### STORED DATA

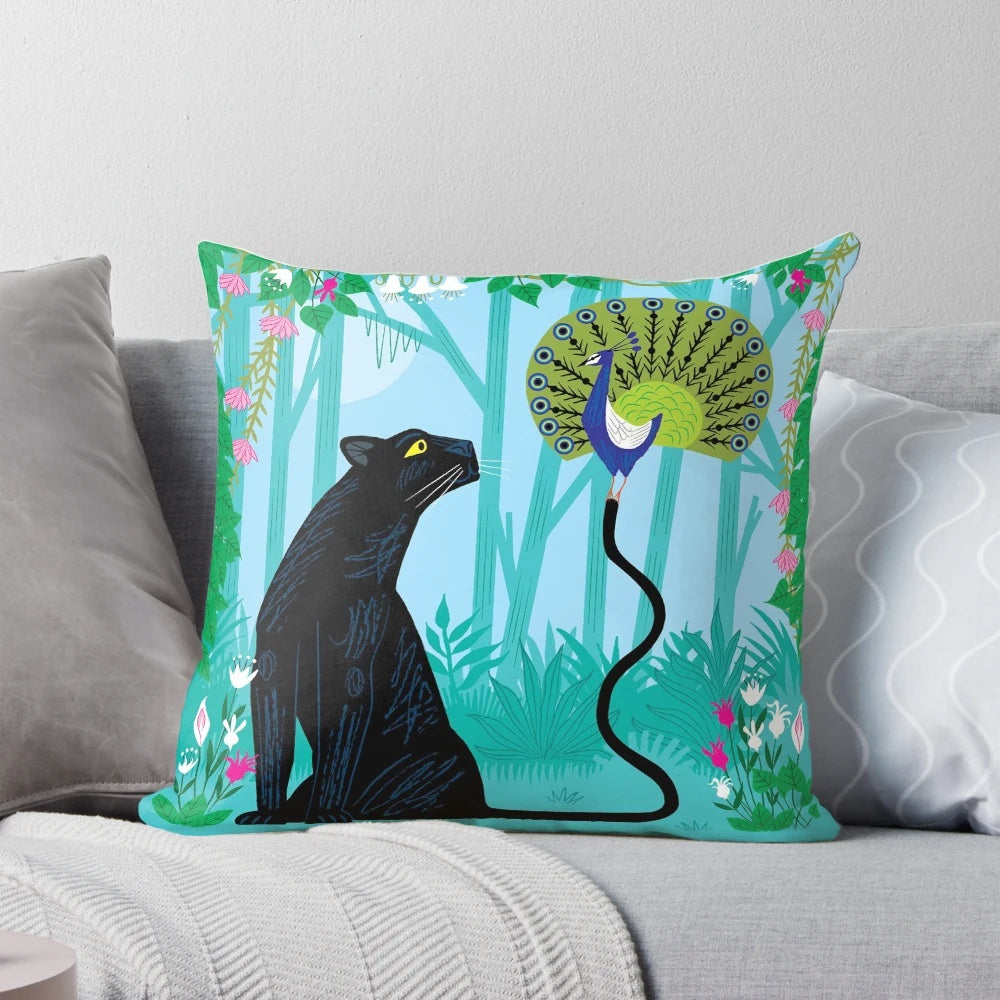 Colorful pillow featuring a peacock and panther in a lush jungle setting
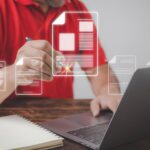 Mężczyzna korzystający z laptopa pracujący na starym drewnianym stole używa dokumentu elektronicznego ze znakiem pióra z przestrzenią do kopiowania edocument management koncepcja biura bez papieru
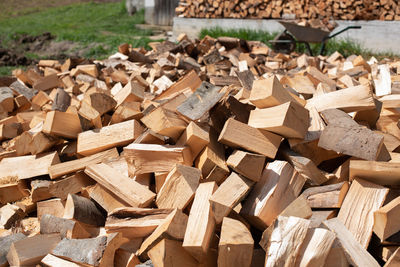 High angle view of stack of firewood in field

### ABOUT THIS TASK
Output the lines above in full and exactly as given, omitting any pictures.

### EXERCISE RESULT
 Colorful pillow featuring a peacock and panther in a lush jungle setting
 Mężczyzna korzystający z laptopa pracujący na starym drewnianym stole używa dokumentu elektronicznego ze znakiem pióra z przestrzenią do kopiowania edocument management koncepcja biura bez papieru
 High angle view of stack of firewood in field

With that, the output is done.